Meno di loro comprende buona parte dell’attuale classe politica.
Quelli del governo sembrano scoprire ora che governare vuol dire appunto gestire cose complesse, e questo non vale solo al governo centrale.
Singolare coincidenza proprio in queste ore si è votato per tanti governi locali, e tra due settimane sono previsti i ballottaggi.
Sarebbe interessante andare a spulciare i programmi con cui ci si è presentati al voto
Non solo però i programmi.
Se un novello Pasolini facesse oggi un suo giro d’Italia per chiedere ai tanti candidati - a centinaia e centinaia - che hanno affollato le liste che consapevolezza avessero del significato del governare ne verrebbe fuori probabilmente una inchiesta illuminante.
Molti non hanno la benchè minima idea di quanta presenza e impegno richieda l’esercizio della funzione di governo, ancor più a livello locale.
Qualche sera fa, al Giffoni Multimedia Valley, parlavamo delle giunte Valenzi, che guidarono Napoli dal 1975 al 1983.

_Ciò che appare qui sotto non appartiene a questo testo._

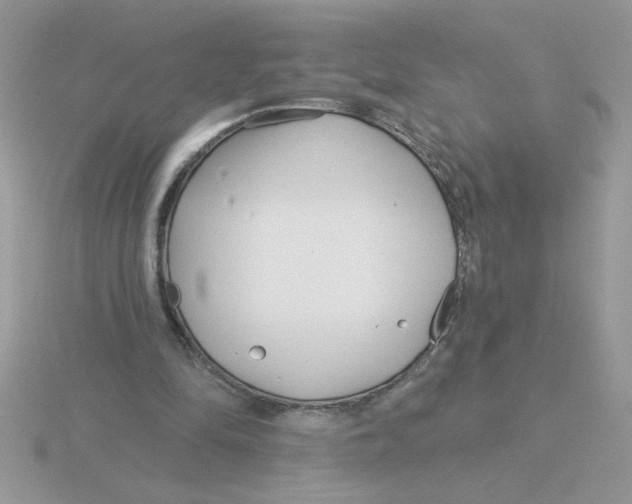 X0000115830294200912111318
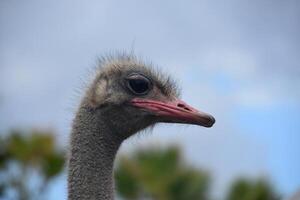 Side Profile of an Ostrich with a Pink Bill photo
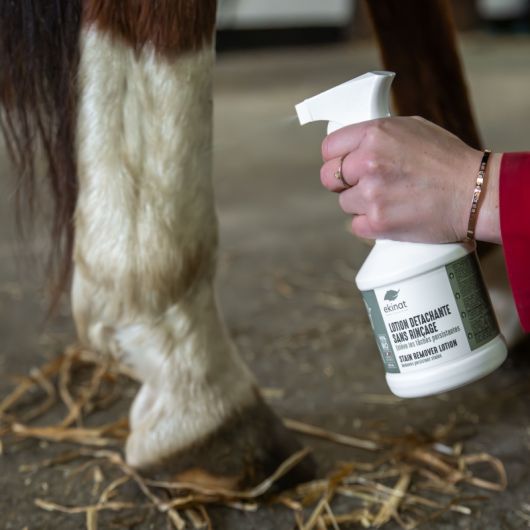 Lotion détachante sans rinçage cheval bio - Ekinat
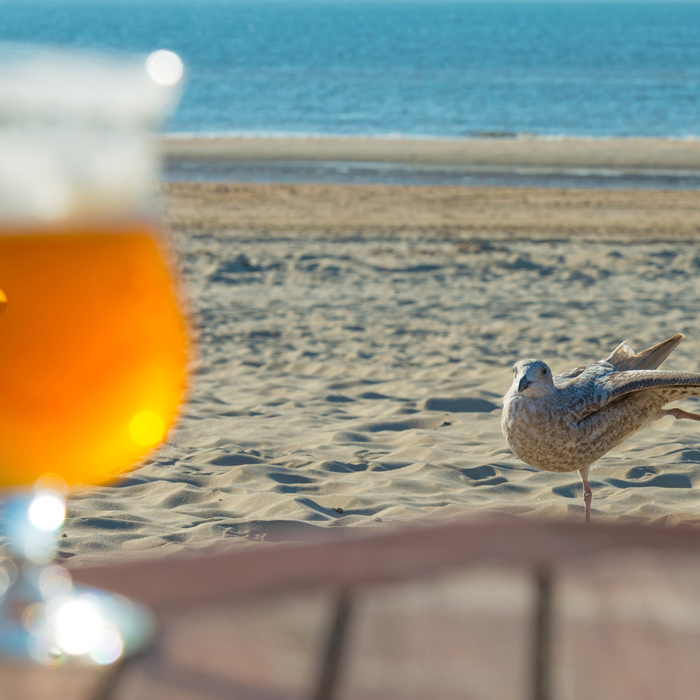 A stretching immature gull eyes a tasty prospect. © Marijs/Shutterstock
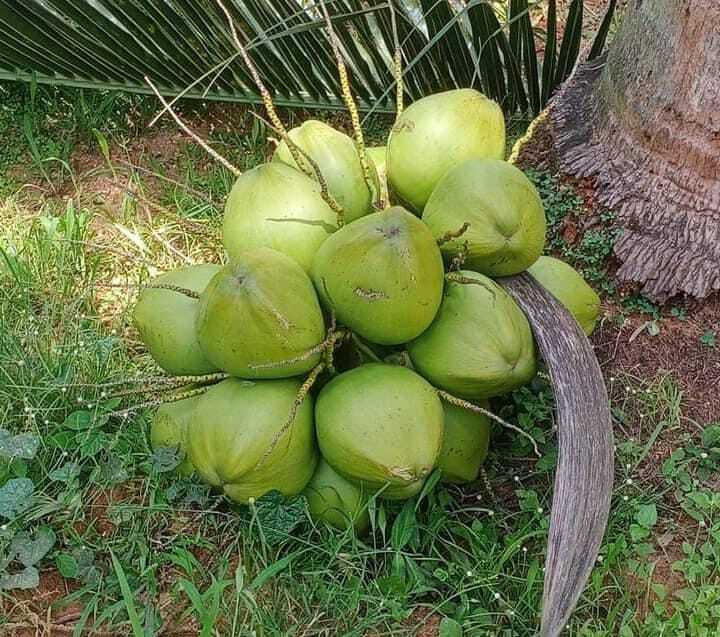 Green Fresh Tender Coconut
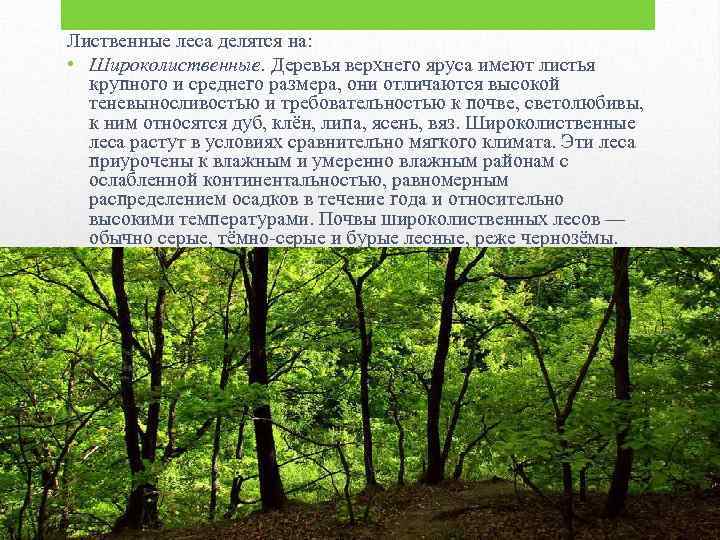 Лиственные леса делятся на: • Широколиственные. Деревья верхнего яруса имеют листья крупного и среднего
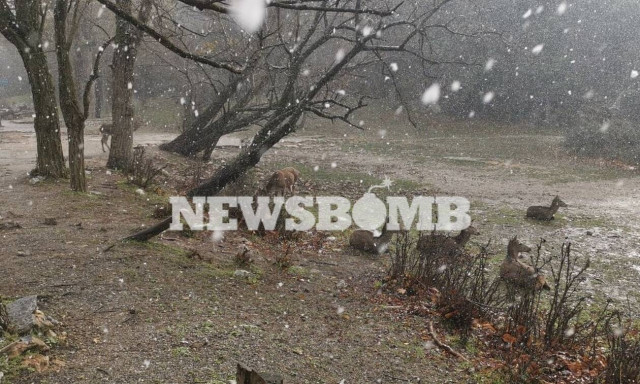 Κακοκαιρία: Η Πάρνηθα «φόρεσε» τα λευκά της (pics)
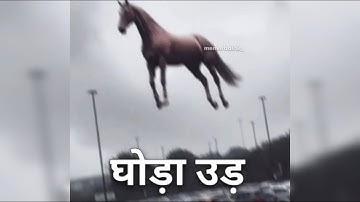 Ultimate "India Is Not For Beginners" Compilation Part 2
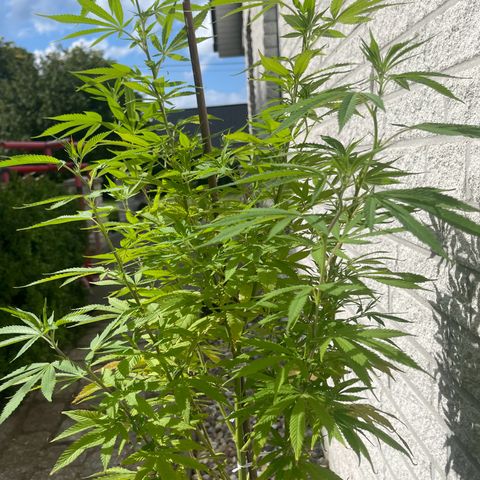 BCN Diesel CBD growlog timeline photo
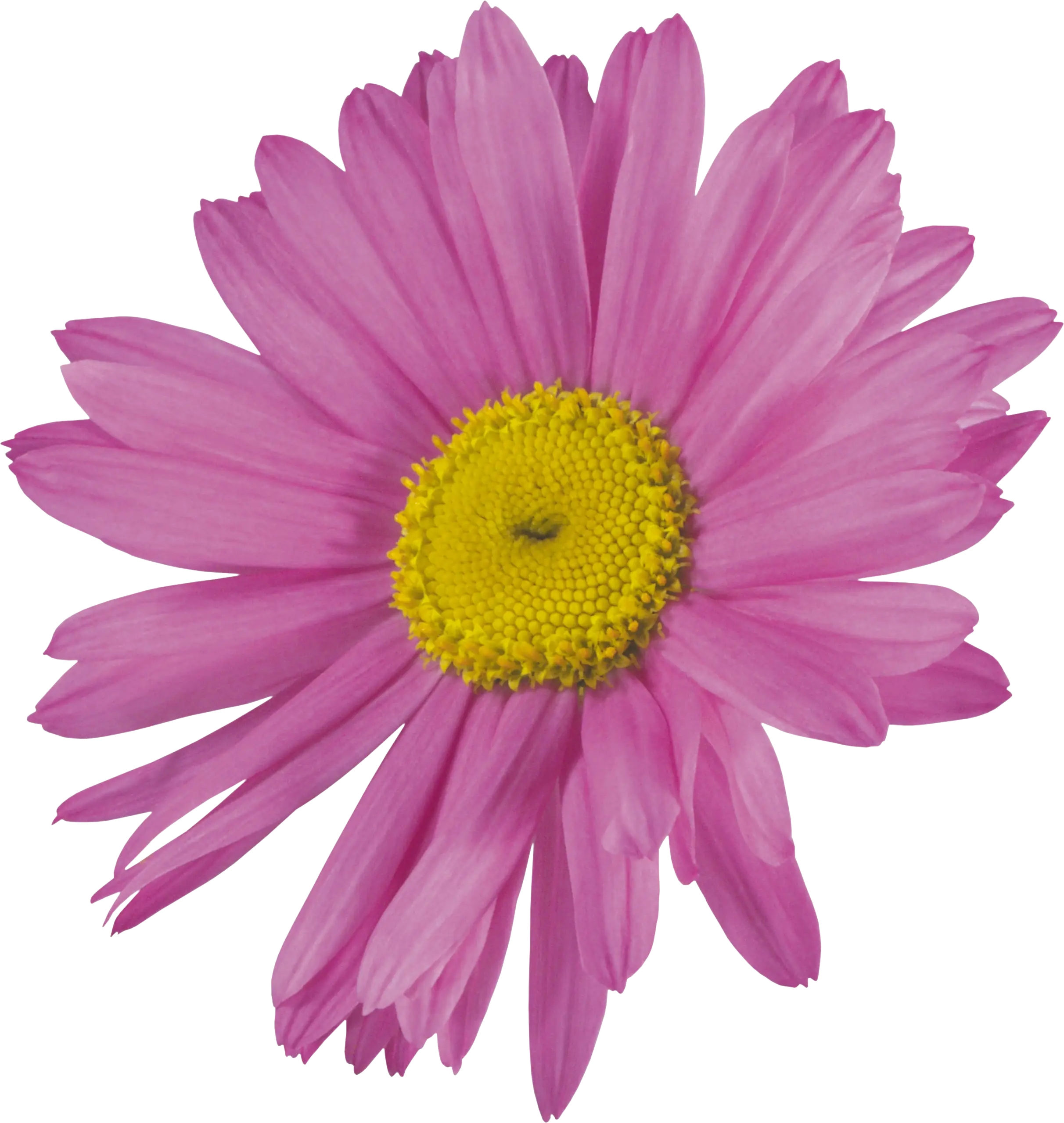 Pink Daisy Flower Bloom Close-Up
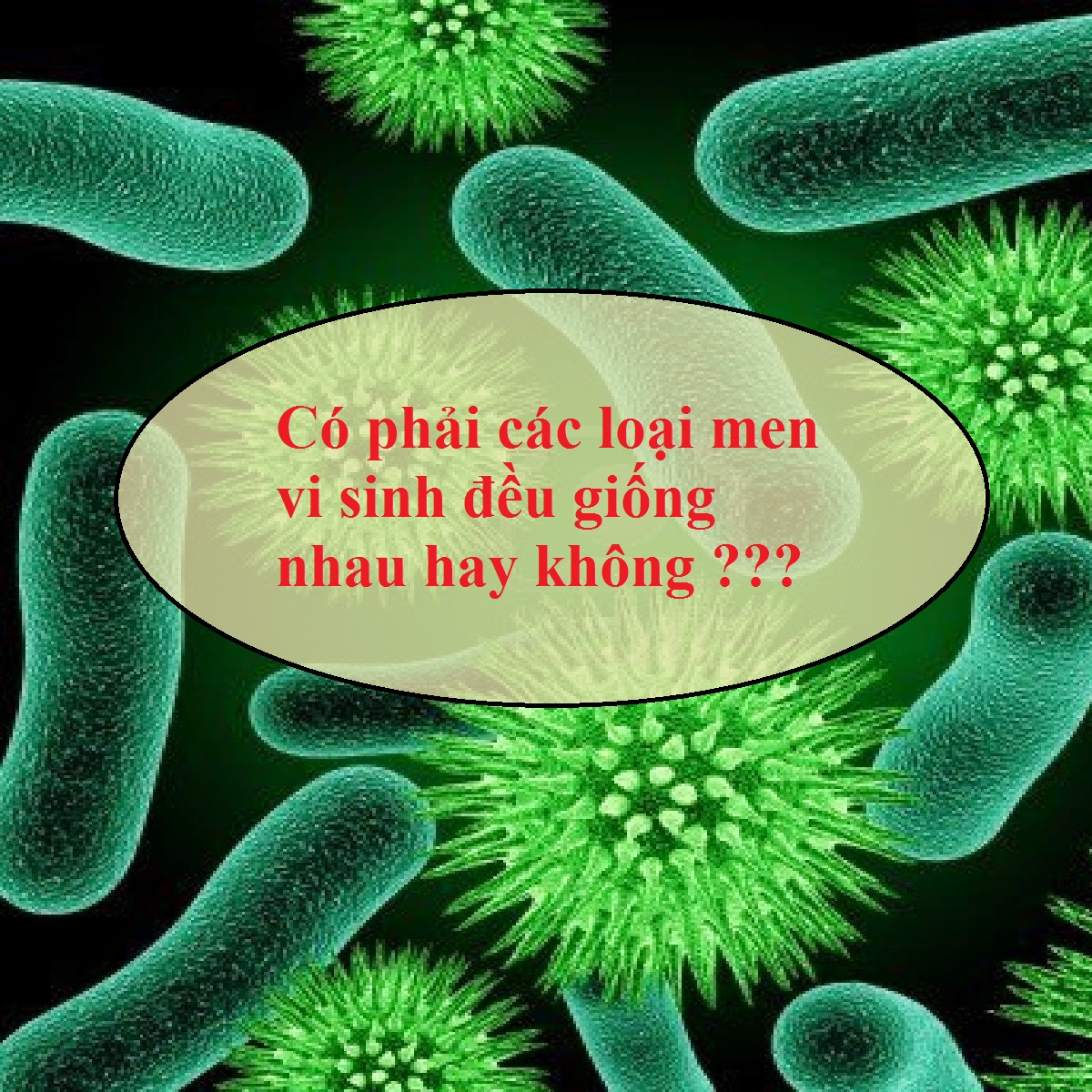 CÁC LOẠI MEN VI SINH ĐỀU GIỐNG NHAU ?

Veniva lì fuori, anche col contributo del bel film di Alessandro Scippa, tutta la passione politica totalizzante e il sacrificio di un gruppo di persone che si assunsero in quegli anni il compito gravoso di amministrare una Napoli uscita dal colera, e che di lì a poco si sarebbe incrociata con la terribile frustata del terremoto del 1980.
Senza persone così votate al sacrificio, anche di se stesse e dei propri affetti più cari, difficilmente si governano le comunità, ancor più oggi che i fenomeni ambientali e sociali si sono fatti ancora più complessi.
E però, qui si ritorna a bomba, persone così non è che nascono all’improvviso.
Le produce il contesto, il conflitto che si svolge nella comunità, la lotta politica e sociale anche su differenti e opposte visioni del mondo, i grandi movimenti.
E infatti quella stessa spinta che sorge nel 75 a Napoli, poggiando anche su certe specificità partenopee, si produce anche a Torino, a Roma e in tante altre citta.
All’origine di quella stagione c’era il biennio 68 - 69, la contestazione degli studenti, l’autunno caldo operaio, il referendum sul divorzio del 1970.
E mille altre cose che da lì presero l’abbrivio: lotte per la casa, contro il caro affitti, autoriduzione delle bollette, disoccupati che, per la prima volta, imitando i consigli di fabbrica operai si organizzano in comitati.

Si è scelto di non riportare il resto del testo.